TASK REQUIREMENTS
Lines with "Black": state how many there are in the records below, and nothing else.

Stored items from a collection:

━━━━━━━━━━

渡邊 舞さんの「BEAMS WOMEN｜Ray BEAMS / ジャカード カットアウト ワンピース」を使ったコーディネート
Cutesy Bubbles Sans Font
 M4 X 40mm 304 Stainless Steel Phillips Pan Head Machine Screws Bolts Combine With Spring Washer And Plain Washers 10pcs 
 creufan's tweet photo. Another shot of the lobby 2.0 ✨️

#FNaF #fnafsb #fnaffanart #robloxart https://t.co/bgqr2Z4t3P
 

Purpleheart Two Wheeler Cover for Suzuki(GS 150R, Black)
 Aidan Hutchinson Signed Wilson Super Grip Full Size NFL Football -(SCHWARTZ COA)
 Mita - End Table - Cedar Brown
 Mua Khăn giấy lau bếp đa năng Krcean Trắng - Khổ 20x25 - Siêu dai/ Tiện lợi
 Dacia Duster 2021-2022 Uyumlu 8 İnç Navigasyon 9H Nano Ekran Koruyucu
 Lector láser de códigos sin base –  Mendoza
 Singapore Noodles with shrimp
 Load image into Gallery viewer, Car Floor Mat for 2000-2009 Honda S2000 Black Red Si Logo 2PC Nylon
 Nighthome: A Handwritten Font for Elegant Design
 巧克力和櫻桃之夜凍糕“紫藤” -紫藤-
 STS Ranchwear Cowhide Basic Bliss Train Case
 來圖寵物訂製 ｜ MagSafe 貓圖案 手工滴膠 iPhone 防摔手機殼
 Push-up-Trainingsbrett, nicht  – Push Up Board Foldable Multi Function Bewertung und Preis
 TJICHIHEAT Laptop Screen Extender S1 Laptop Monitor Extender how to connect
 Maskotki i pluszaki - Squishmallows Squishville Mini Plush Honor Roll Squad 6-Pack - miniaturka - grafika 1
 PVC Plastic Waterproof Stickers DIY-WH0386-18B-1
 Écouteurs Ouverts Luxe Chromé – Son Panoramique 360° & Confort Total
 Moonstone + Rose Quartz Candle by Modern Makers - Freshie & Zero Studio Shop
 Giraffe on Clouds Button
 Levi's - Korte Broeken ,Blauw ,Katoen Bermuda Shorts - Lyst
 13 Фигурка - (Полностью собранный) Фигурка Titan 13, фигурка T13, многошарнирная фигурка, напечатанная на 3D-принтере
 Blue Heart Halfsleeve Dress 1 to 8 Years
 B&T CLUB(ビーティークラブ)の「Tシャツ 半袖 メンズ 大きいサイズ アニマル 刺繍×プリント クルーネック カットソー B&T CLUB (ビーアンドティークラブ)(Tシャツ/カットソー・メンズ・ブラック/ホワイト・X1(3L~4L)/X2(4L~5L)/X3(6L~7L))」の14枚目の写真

━━━━━━━━━━

THE ANSWER
2